You'd think they would have noticed that.  Eliminating early exits
doesn't change the number of branches!

> Avoiding early exits is an over-reaction to the Bad Old Days of spaghetti
> code. But used wisely, early exists can simplify, not complicate, code.

To make your case, you don't even need to prove that a wise early exit
can simplify.  You just need that an early exit can simplify.  (The
conclusive case is the early exit is better.  For that, it's
sufficient but not necessary to show that simplicity is your reader's
highest priority.  What's instructive about that is the
counterexample: when is simpler not better?  (Not rhetorical.  Or, if
never, then it's the top priority and consistent with every top
priority, if my calculations are correct; but it remains to show that
early exits can simplify.)

snip better simpler

> The second version has double the number of lines of code of the first.
> It introduces an extra variable "found_item" and two extra if blocks.
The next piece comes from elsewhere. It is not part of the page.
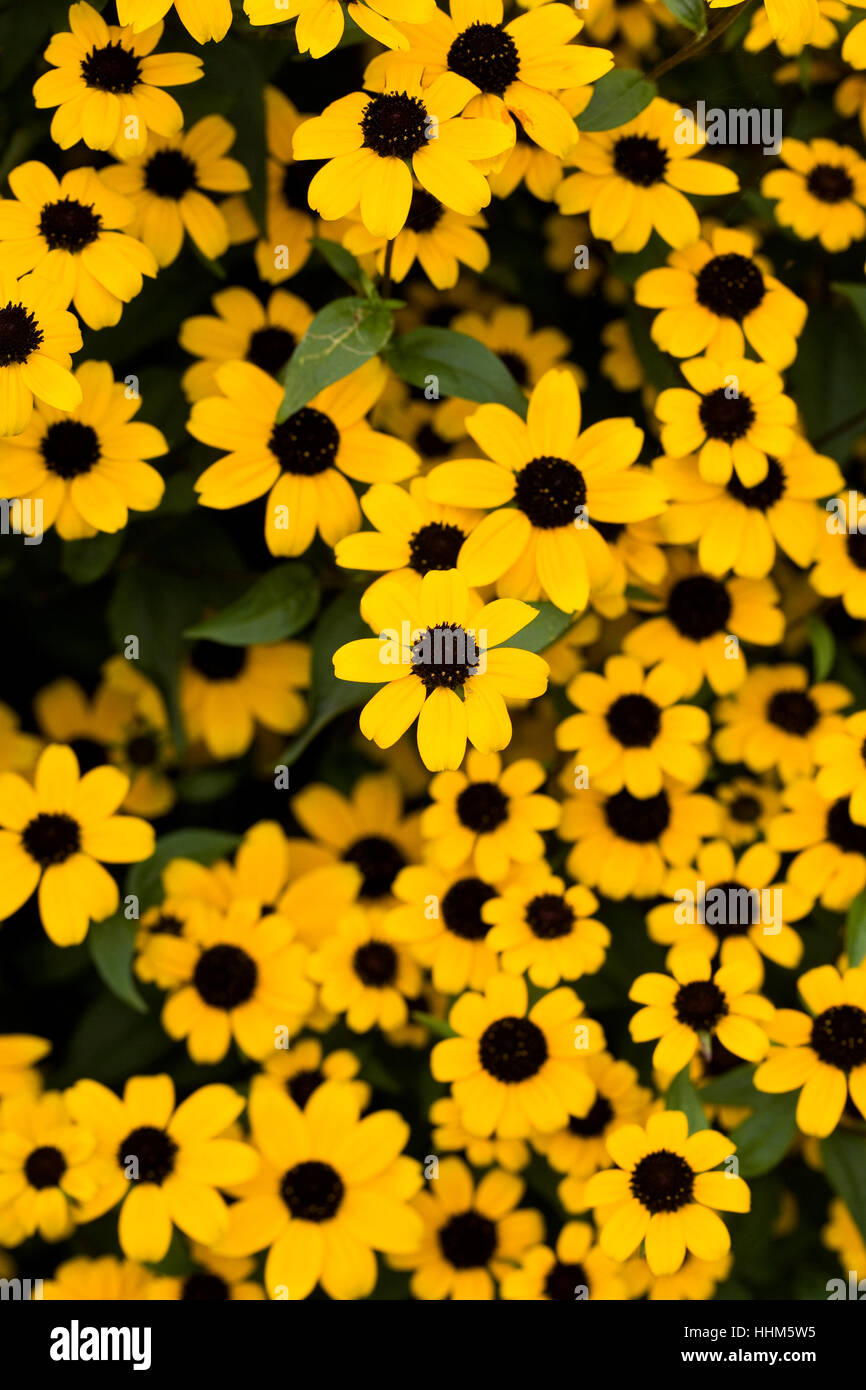 Rudbeckia triloba. Brown eyed Susan fiori. Foto Stock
I
> don't think the claim that the version with an early exit is more
> complicated than the version without can justified.

In a lab report, this is the part where the author would be arguing,
"And the object accelerated at 9.8 m/s^2, which proves our
hypothesis."  I think you're showing that early exits can simplify,
but you're bringing in more factors.  I think you're trying to say
that less lines of code is simpler, and less variables is simpler.
Those lack proofs.

You need:
M: Less lines of code is simpler.
m: Simpler is always better.
C: Less lines of code is better.

Or something.  But no amount of thrashing, bludgeoning, wibbling,
whimpering, or beating children with blunt objects, is going to change
your reader's knowledge of good.  Only experience is.  Fine fine, so
leather belts are bad.  That doesn't make fewer lines of code good.

However, the burden of proof is (definitely IMO) on the people that
are unilaterally opposed to early returns.  They need:
M: Early exits are never simpler.
m: Simpler is always better.
C: Early exits are never better.

Oddly enough, you share a minor premise.